REQUIRED ACTION: Every record must be copied exactly.

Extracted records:
************

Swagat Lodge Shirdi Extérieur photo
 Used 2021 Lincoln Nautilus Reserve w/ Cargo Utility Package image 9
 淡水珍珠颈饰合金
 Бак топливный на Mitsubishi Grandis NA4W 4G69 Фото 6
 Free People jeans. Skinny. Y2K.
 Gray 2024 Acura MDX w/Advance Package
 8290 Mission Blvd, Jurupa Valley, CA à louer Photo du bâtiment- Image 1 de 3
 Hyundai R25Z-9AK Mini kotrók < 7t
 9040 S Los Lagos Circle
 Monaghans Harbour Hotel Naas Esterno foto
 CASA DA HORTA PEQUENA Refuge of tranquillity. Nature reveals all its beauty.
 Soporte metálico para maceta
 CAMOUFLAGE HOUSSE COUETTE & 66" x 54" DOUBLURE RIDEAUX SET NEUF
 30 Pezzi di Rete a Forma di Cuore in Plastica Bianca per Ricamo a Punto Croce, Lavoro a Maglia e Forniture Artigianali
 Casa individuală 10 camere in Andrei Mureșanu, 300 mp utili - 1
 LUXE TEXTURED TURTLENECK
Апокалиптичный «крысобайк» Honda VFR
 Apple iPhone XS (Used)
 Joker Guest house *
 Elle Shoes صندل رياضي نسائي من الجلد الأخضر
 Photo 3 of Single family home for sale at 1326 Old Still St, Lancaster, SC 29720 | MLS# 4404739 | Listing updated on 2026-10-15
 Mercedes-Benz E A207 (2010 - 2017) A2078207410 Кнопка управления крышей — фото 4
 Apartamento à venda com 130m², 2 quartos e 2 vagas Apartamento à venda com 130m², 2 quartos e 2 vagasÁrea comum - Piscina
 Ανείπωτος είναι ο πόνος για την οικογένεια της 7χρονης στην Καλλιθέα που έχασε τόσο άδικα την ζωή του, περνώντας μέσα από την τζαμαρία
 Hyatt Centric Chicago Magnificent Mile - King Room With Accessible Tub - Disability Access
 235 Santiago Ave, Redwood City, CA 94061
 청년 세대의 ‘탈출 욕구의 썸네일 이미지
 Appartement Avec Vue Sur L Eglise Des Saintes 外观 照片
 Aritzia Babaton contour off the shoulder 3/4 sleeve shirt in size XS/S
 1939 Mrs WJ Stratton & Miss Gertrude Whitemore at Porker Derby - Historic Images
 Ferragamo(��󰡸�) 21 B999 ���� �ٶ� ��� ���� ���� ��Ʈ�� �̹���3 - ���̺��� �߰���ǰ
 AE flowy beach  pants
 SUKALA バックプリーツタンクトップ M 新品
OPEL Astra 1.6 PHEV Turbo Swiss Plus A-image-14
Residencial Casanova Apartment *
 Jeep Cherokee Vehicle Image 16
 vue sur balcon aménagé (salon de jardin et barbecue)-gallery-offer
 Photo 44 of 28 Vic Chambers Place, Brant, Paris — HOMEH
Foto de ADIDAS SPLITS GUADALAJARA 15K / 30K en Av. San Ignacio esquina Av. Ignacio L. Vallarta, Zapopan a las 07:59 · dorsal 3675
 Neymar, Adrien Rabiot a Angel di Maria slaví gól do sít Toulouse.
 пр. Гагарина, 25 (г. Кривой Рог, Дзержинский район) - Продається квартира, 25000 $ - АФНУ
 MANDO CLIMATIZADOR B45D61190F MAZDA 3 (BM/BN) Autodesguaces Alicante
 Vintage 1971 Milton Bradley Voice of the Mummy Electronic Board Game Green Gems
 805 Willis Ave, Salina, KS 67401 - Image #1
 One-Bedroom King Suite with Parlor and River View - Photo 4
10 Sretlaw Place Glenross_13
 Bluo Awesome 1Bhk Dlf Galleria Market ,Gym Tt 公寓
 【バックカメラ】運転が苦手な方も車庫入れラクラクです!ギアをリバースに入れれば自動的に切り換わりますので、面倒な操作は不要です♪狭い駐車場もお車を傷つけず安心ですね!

************

REPLY TO THE EXERCISE:
Swagat Lodge Shirdi Extérieur photo
 Used 2021 Lincoln Nautilus Reserve w/ Cargo Utility Package image 9
 淡水珍珠颈饰合金
 Бак топливный на Mitsubishi Grandis NA4W 4G69 Фото 6
 Free People jeans. Skinny. Y2K.
 Gray 2024 Acura MDX w/Advance Package
 8290 Mission Blvd, Jurupa Valley, CA à louer Photo du bâtiment- Image 1 de 3
 Hyundai R25Z-9AK Mini kotrók < 7t
 9040 S Los Lagos Circle
 Monaghans Harbour Hotel Naas Esterno foto
 CASA DA HORTA PEQUENA Refuge of tranquillity. Nature reveals all its beauty.
 Soporte metálico para maceta
 CAMOUFLAGE HOUSSE COUETTE & 66" x 54" DOUBLURE RIDEAUX SET NEUF
 30 Pezzi di Rete a Forma di Cuore in Plastica Bianca per Ricamo a Punto Croce, Lavoro a Maglia e Forniture Artigianali
 Casa individuală 10 camere in Andrei Mureșanu, 300 mp utili - 1
 LUXE TEXTURED TURTLENECK
Апокалиптичный «крысобайк» Honda VFR
 Apple iPhone XS (Used)
 Joker Guest house *
 Elle Shoes صندل رياضي نسائي من الجلد الأخضر
 Photo 3 of Single family home for sale at 1326 Old Still St, Lancaster, SC 29720 | MLS# 4404739 | Listing updated on 2026-10-15
 Mercedes-Benz E A207 (2010 - 2017) A2078207410 Кнопка управления крышей — фото 4
 Apartamento à venda com 130m², 2 quartos e 2 vagas Apartamento à venda com 130m², 2 quartos e 2 vagasÁrea comum - Piscina
 Ανείπωτος είναι ο πόνος για την οικογένεια της 7χρονης στην Καλλιθέα που έχασε τόσο άδικα την ζωή του, περνώντας μέσα από την τζαμαρία
 Hyatt Centric Chicago Magnificent Mile - King Room With Accessible Tub - Disability Access
 235 Santiago Ave, Redwood City, CA 94061
 청년 세대의 ‘탈출 욕구의 썸네일 이미지
 Appartement Avec Vue Sur L Eglise Des Saintes 外观 照片
 Aritzia Babaton contour off the shoulder 3/4 sleeve shirt in size XS/S
 1939 Mrs WJ Stratton & Miss Gertrude Whitemore at Porker Derby - Historic Images
 Ferragamo(��󰡸�) 21 B999 ���� �ٶ� ��� ���� ���� ��Ʈ�� �̹���3 - ���̺��� �߰���ǰ
 AE flowy beach  pants
 SUKALA バックプリーツタンクトップ M 新品
OPEL Astra 1.6 PHEV Turbo Swiss Plus A-image-14
Residencial Casanova Apartment *
 Jeep Cherokee Vehicle Image 16
 vue sur balcon aménagé (salon de jardin et barbecue)-gallery-offer
 Photo 44 of 28 Vic Chambers Place, Brant, Paris — HOMEH
Foto de ADIDAS SPLITS GUADALAJARA 15K / 30K en Av. San Ignacio esquina Av. Ignacio L. Vallarta, Zapopan a las 07:59 · dorsal 3675
 Neymar, Adrien Rabiot a Angel di Maria slaví gól do sít Toulouse.
 пр. Гагарина, 25 (г. Кривой Рог, Дзержинский район) - Продається квартира, 25000 $ - АФНУ
 MANDO CLIMATIZADOR B45D61190F MAZDA 3 (BM/BN) Autodesguaces Alicante
 Vintage 1971 Milton Bradley Voice of the Mummy Electronic Board Game Green Gems
 805 Willis Ave, Salina, KS 67401 - Image #1
 One-Bedroom King Suite with Parlor and River View - Photo 4
10 Sretlaw Place Glenross_13
 Bluo Awesome 1Bhk Dlf Galleria Market ,Gym Tt 公寓
 【バックカメラ】運転が苦手な方も車庫入れラクラクです!ギアをリバースに入れれば自動的に切り換わりますので、面倒な操作は不要です♪狭い駐車場もお車を傷つけず安心ですね!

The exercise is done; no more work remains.